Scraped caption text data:
* * *

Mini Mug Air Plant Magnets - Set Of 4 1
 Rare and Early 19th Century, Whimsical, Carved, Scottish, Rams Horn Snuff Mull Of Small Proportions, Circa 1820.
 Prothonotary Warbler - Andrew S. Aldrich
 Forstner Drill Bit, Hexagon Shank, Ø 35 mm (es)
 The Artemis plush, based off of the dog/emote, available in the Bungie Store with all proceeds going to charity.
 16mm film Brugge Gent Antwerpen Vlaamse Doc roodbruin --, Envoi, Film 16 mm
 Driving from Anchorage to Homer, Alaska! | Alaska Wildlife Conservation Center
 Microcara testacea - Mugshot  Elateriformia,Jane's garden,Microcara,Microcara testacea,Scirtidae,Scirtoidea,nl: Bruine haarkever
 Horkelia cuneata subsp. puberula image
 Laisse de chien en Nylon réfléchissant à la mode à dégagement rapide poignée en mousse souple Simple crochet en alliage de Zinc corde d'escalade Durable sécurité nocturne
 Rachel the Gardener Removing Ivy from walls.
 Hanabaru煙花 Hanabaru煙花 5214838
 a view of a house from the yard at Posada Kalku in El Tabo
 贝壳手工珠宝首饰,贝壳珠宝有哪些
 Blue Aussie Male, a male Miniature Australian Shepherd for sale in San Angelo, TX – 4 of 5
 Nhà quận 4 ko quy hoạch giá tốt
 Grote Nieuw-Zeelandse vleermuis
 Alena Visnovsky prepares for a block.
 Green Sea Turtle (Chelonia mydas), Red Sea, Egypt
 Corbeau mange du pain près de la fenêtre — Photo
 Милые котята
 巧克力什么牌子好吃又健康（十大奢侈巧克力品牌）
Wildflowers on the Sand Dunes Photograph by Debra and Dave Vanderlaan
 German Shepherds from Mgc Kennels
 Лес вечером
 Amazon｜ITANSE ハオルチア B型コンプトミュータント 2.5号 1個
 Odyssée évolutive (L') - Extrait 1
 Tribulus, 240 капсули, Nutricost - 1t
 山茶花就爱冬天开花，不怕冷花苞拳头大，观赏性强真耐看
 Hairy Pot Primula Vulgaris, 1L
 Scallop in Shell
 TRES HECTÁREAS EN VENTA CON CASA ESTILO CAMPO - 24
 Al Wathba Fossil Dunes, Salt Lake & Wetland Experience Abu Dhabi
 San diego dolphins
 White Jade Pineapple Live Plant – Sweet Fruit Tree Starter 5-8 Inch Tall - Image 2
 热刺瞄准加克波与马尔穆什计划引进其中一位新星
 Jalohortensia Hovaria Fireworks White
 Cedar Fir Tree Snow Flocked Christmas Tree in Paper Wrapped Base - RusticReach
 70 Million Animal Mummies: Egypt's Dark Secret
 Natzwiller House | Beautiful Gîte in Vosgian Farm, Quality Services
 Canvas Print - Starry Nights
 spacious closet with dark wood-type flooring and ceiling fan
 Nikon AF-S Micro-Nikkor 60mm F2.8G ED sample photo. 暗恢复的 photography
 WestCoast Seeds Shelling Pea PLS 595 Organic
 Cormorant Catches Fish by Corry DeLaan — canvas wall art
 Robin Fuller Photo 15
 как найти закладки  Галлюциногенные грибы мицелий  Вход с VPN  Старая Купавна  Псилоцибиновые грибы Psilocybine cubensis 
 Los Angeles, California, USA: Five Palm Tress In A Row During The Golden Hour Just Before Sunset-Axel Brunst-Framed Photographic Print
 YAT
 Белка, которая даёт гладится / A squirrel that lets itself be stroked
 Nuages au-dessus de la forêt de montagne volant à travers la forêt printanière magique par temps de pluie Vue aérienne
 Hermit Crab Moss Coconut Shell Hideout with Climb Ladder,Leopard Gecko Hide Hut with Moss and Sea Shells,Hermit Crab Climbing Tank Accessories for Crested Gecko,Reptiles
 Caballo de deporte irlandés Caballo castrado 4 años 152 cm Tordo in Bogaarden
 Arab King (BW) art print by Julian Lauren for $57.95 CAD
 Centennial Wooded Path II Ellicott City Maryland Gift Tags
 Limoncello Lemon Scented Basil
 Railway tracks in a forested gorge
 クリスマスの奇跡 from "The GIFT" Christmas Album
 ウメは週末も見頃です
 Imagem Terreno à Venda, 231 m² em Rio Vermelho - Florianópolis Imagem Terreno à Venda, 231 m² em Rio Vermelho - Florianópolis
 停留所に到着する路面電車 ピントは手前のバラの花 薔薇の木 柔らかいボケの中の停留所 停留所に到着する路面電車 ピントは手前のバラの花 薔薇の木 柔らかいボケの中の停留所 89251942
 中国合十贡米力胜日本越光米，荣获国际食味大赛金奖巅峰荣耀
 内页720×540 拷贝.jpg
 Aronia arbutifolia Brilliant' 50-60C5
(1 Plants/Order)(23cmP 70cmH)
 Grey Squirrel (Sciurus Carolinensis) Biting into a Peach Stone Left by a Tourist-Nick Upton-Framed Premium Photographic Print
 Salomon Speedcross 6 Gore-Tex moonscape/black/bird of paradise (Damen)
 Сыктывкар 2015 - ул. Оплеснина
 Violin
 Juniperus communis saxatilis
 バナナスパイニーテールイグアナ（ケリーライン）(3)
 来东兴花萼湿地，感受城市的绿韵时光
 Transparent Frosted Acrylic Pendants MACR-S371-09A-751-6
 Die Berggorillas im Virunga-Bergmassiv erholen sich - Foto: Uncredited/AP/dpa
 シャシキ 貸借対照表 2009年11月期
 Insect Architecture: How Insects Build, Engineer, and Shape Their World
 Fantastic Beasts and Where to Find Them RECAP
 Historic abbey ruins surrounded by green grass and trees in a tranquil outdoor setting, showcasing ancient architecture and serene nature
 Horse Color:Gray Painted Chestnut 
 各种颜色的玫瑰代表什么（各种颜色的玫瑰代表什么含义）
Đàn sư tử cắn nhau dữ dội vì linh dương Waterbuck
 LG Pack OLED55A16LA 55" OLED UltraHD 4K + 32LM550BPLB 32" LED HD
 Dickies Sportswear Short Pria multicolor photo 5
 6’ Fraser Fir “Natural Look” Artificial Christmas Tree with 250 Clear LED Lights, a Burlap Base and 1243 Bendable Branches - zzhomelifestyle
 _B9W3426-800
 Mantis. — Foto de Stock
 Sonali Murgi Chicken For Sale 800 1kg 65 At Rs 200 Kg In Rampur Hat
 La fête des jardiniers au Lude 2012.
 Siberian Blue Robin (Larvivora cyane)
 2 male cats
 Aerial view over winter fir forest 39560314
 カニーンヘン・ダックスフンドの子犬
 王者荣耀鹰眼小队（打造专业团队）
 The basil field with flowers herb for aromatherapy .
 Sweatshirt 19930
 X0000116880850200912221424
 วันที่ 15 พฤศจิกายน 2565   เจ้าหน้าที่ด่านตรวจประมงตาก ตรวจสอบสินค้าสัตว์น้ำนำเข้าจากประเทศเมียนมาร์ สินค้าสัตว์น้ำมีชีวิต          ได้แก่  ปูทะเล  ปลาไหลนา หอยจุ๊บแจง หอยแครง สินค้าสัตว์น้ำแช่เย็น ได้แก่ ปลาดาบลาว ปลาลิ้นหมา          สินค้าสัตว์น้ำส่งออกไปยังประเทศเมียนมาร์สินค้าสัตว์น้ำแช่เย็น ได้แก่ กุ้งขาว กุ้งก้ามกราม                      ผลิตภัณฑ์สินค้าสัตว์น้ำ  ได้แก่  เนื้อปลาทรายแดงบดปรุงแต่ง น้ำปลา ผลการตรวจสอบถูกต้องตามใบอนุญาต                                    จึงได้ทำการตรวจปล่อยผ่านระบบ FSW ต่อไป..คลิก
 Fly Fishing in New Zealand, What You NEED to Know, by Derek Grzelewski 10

* * *

**Exercise objective:** Produce the records once again, exactly as they stand above.

**Exercise answer:**
Mini Mug Air Plant Magnets - Set Of 4 1
 Rare and Early 19th Century, Whimsical, Carved, Scottish, Rams Horn Snuff Mull Of Small Proportions, Circa 1820.
 Prothonotary Warbler - Andrew S. Aldrich
 Forstner Drill Bit, Hexagon Shank, Ø 35 mm (es)
 The Artemis plush, based off of the dog/emote, available in the Bungie Store with all proceeds going to charity.
 16mm film Brugge Gent Antwerpen Vlaamse Doc roodbruin --, Envoi, Film 16 mm
 Driving from Anchorage to Homer, Alaska! | Alaska Wildlife Conservation Center
 Microcara testacea - Mugshot  Elateriformia,Jane's garden,Microcara,Microcara testacea,Scirtidae,Scirtoidea,nl: Bruine haarkever
 Horkelia cuneata subsp. puberula image
 Laisse de chien en Nylon réfléchissant à la mode à dégagement rapide poignée en mousse souple Simple crochet en alliage de Zinc corde d'escalade Durable sécurité nocturne
 Rachel the Gardener Removing Ivy from walls.
 Hanabaru煙花 Hanabaru煙花 5214838
 a view of a house from the yard at Posada Kalku in El Tabo
 贝壳手工珠宝首饰,贝壳珠宝有哪些
 Blue Aussie Male, a male Miniature Australian Shepherd for sale in San Angelo, TX – 4 of 5
 Nhà quận 4 ko quy hoạch giá tốt
 Grote Nieuw-Zeelandse vleermuis
 Alena Visnovsky prepares for a block.
 Green Sea Turtle (Chelonia mydas), Red Sea, Egypt
 Corbeau mange du pain près de la fenêtre — Photo
 Милые котята
 巧克力什么牌子好吃又健康（十大奢侈巧克力品牌）
Wildflowers on the Sand Dunes Photograph by Debra and Dave Vanderlaan
 German Shepherds from Mgc Kennels
 Лес вечером
 Amazon｜ITANSE ハオルチア B型コンプトミュータント 2.5号 1個
 Odyssée évolutive (L') - Extrait 1
 Tribulus, 240 капсули, Nutricost - 1t
 山茶花就爱冬天开花，不怕冷花苞拳头大，观赏性强真耐看
 Hairy Pot Primula Vulgaris, 1L
 Scallop in Shell
 TRES HECTÁREAS EN VENTA CON CASA ESTILO CAMPO - 24
 Al Wathba Fossil Dunes, Salt Lake & Wetland Experience Abu Dhabi
 San diego dolphins
 White Jade Pineapple Live Plant – Sweet Fruit Tree Starter 5-8 Inch Tall - Image 2
 热刺瞄准加克波与马尔穆什计划引进其中一位新星
 Jalohortensia Hovaria Fireworks White
 Cedar Fir Tree Snow Flocked Christmas Tree in Paper Wrapped Base - RusticReach
 70 Million Animal Mummies: Egypt's Dark Secret
 Natzwiller House | Beautiful Gîte in Vosgian Farm, Quality Services
 Canvas Print - Starry Nights
 spacious closet with dark wood-type flooring and ceiling fan
 Nikon AF-S Micro-Nikkor 60mm F2.8G ED sample photo. 暗恢复的 photography
 WestCoast Seeds Shelling Pea PLS 595 Organic
 Cormorant Catches Fish by Corry DeLaan — canvas wall art
 Robin Fuller Photo 15
 как найти закладки  Галлюциногенные грибы мицелий  Вход с VPN  Старая Купавна  Псилоцибиновые грибы Psilocybine cubensis 
 Los Angeles, California, USA: Five Palm Tress In A Row During The Golden Hour Just Before Sunset-Axel Brunst-Framed Photographic Print
 YAT
 Белка, которая даёт гладится / A squirrel that lets itself be stroked
 Nuages au-dessus de la forêt de montagne volant à travers la forêt printanière magique par temps de pluie Vue aérienne
 Hermit Crab Moss Coconut Shell Hideout with Climb Ladder,Leopard Gecko Hide Hut with Moss and Sea Shells,Hermit Crab Climbing Tank Accessories for Crested Gecko,Reptiles
 Caballo de deporte irlandés Caballo castrado 4 años 152 cm Tordo in Bogaarden
 Arab King (BW) art print by Julian Lauren for $57.95 CAD
 Centennial Wooded Path II Ellicott City Maryland Gift Tags
 Limoncello Lemon Scented Basil
 Railway tracks in a forested gorge
 クリスマスの奇跡 from "The GIFT" Christmas Album
 ウメは週末も見頃です
 Imagem Terreno à Venda, 231 m² em Rio Vermelho - Florianópolis Imagem Terreno à Venda, 231 m² em Rio Vermelho - Florianópolis
 停留所に到着する路面電車 ピントは手前のバラの花 薔薇の木 柔らかいボケの中の停留所 停留所に到着する路面電車 ピントは手前のバラの花 薔薇の木 柔らかいボケの中の停留所 89251942
 中国合十贡米力胜日本越光米，荣获国际食味大赛金奖巅峰荣耀
 内页720×540 拷贝.jpg
 Aronia arbutifolia Brilliant' 50-60C5
(1 Plants/Order)(23cmP 70cmH)
 Grey Squirrel (Sciurus Carolinensis) Biting into a Peach Stone Left by a Tourist-Nick Upton-Framed Premium Photographic Print
 Salomon Speedcross 6 Gore-Tex moonscape/black/bird of paradise (Damen)
 Сыктывкар 2015 - ул. Оплеснина
 Violin
 Juniperus communis saxatilis
 バナナスパイニーテールイグアナ（ケリーライン）(3)
 来东兴花萼湿地，感受城市的绿韵时光
 Transparent Frosted Acrylic Pendants MACR-S371-09A-751-6
 Die Berggorillas im Virunga-Bergmassiv erholen sich - Foto: Uncredited/AP/dpa
 シャシキ 貸借対照表 2009年11月期
 Insect Architecture: How Insects Build, Engineer, and Shape Their World
 Fantastic Beasts and Where to Find Them RECAP
 Historic abbey ruins surrounded by green grass and trees in a tranquil outdoor setting, showcasing ancient architecture and serene nature
 Horse Color:Gray Painted Chestnut 
 各种颜色的玫瑰代表什么（各种颜色的玫瑰代表什么含义）
Đàn sư tử cắn nhau dữ dội vì linh dương Waterbuck
 LG Pack OLED55A16LA 55" OLED UltraHD 4K + 32LM550BPLB 32" LED HD
 Dickies Sportswear Short Pria multicolor photo 5
 6’ Fraser Fir “Natural Look” Artificial Christmas Tree with 250 Clear LED Lights, a Burlap Base and 1243 Bendable Branches - zzhomelifestyle
 _B9W3426-800
 Mantis. — Foto de Stock
 Sonali Murgi Chicken For Sale 800 1kg 65 At Rs 200 Kg In Rampur Hat
 La fête des jardiniers au Lude 2012.
 Siberian Blue Robin (Larvivora cyane)
 2 male cats
 Aerial view over winter fir forest 39560314
 カニーンヘン・ダックスフンドの子犬
 王者荣耀鹰眼小队（打造专业团队）
 The basil field with flowers herb for aromatherapy .
 Sweatshirt 19930
 X0000116880850200912221424
 วันที่ 15 พฤศจิกายน 2565   เจ้าหน้าที่ด่านตรวจประมงตาก ตรวจสอบสินค้าสัตว์น้ำนำเข้าจากประเทศเมียนมาร์ สินค้าสัตว์น้ำมีชีวิต          ได้แก่  ปูทะเล  ปลาไหลนา หอยจุ๊บแจง หอยแครง สินค้าสัตว์น้ำแช่เย็น ได้แก่ ปลาดาบลาว ปลาลิ้นหมา          สินค้าสัตว์น้ำส่งออกไปยังประเทศเมียนมาร์สินค้าสัตว์น้ำแช่เย็น ได้แก่ กุ้งขาว กุ้งก้ามกราม                      ผลิตภัณฑ์สินค้าสัตว์น้ำ  ได้แก่  เนื้อปลาทรายแดงบดปรุงแต่ง น้ำปลา ผลการตรวจสอบถูกต้องตามใบอนุญาต                                    จึงได้ทำการตรวจปล่อยผ่านระบบ FSW ต่อไป..คลิก
 Fly Fishing in New Zealand, What You NEED to Know, by Derek Grzelewski 10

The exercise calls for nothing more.